**What needs to be done**.
Copy, word for word, the lines below from the one containing "Brugt Mercedes E200" up to and including the one containing "Mercedes-Benz GLB AMG 2022 — фото 6", with pictures left out.

**Input for this task**.
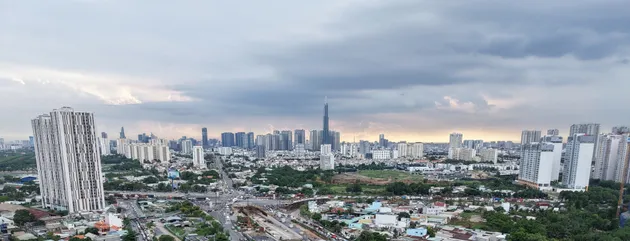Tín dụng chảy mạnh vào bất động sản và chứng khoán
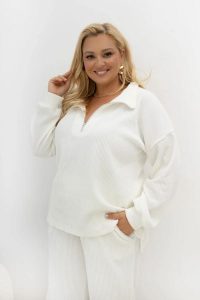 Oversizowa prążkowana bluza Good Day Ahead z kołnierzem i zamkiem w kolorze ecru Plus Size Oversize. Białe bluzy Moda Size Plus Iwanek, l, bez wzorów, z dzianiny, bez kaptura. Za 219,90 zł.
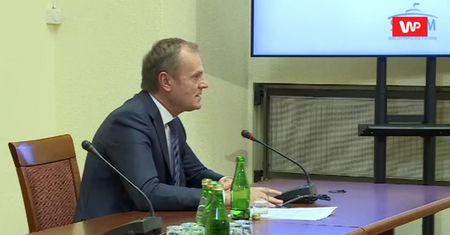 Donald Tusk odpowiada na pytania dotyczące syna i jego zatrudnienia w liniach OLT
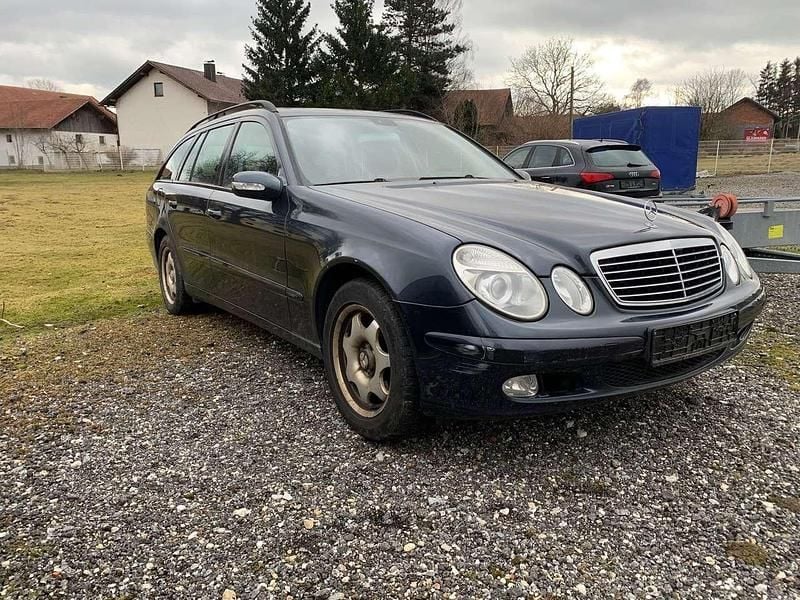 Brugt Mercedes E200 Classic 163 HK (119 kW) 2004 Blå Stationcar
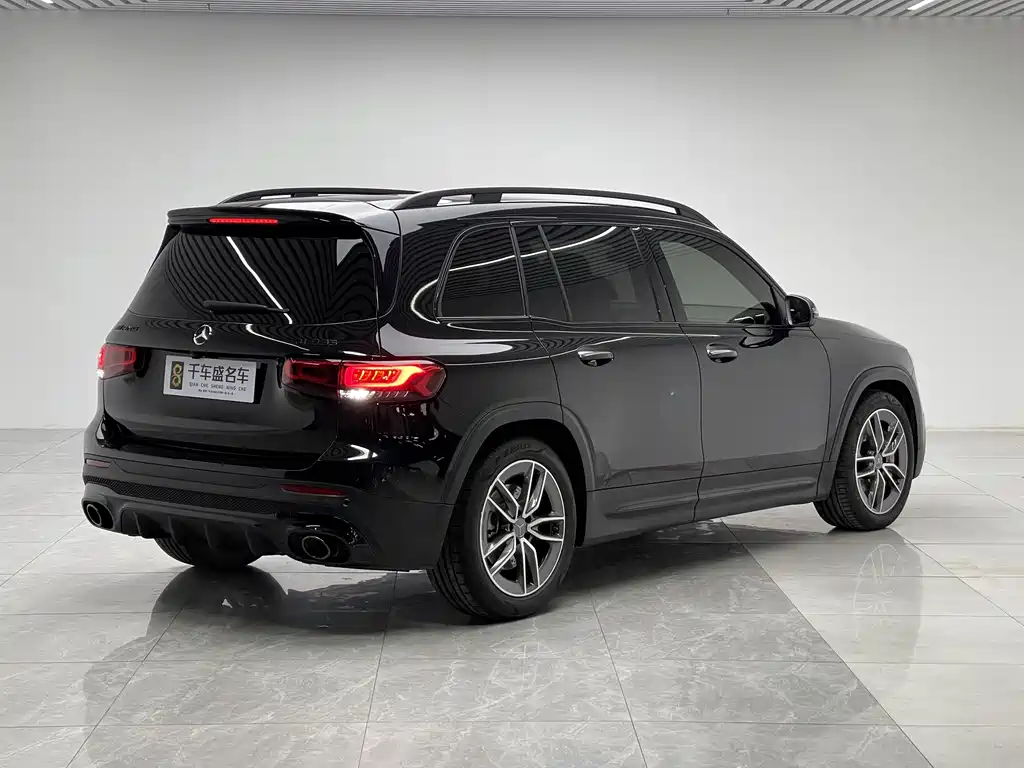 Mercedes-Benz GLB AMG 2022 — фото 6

* * *

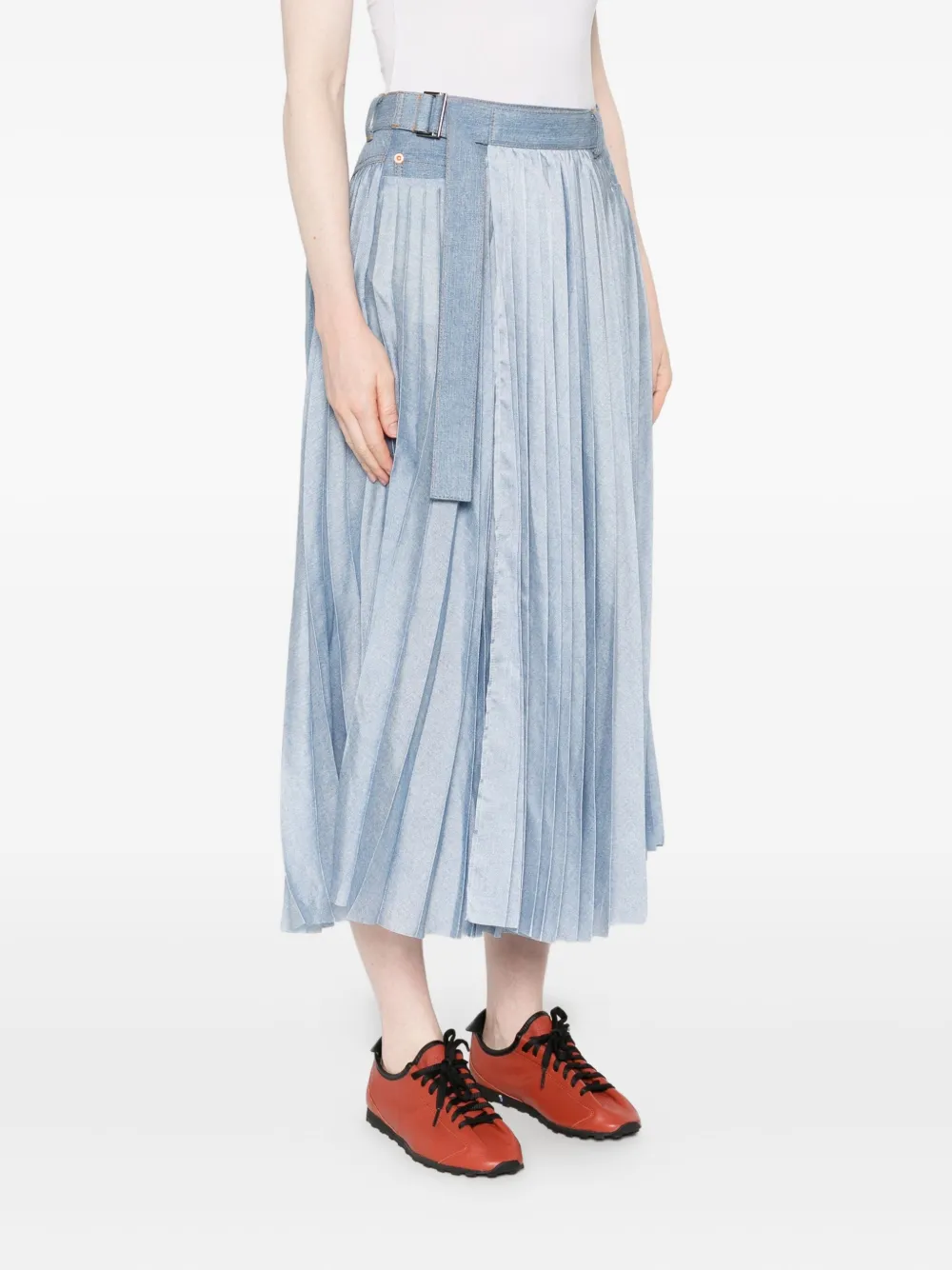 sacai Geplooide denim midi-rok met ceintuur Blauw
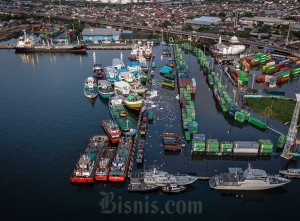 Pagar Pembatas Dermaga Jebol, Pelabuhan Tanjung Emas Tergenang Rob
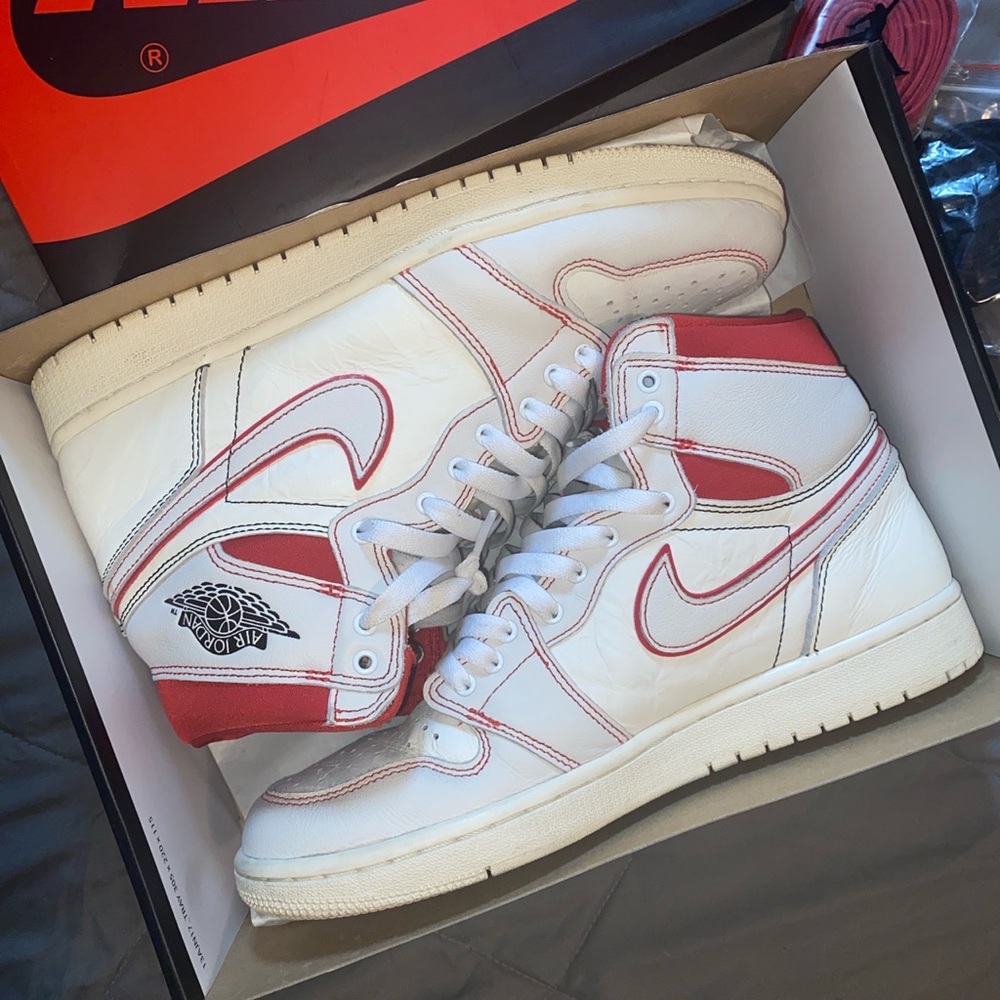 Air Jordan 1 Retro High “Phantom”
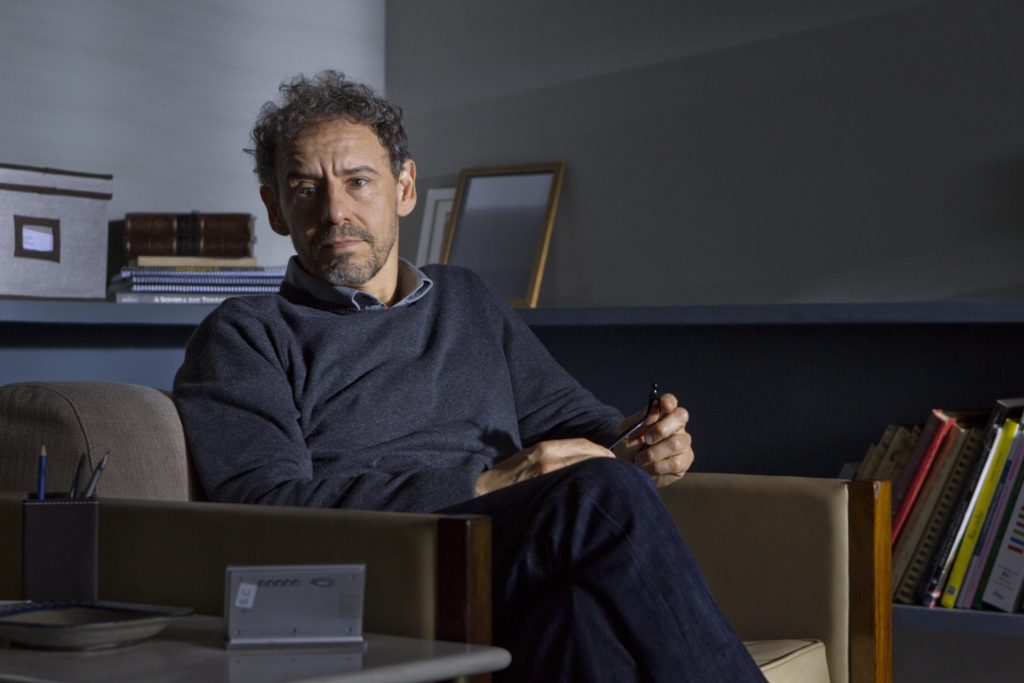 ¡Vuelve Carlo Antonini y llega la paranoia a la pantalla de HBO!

**Expected answer**.
 Brugt Mercedes E200 Classic 163 HK (119 kW) 2004 Blå Stationcar
 Mercedes-Benz GLB AMG 2022 — фото 6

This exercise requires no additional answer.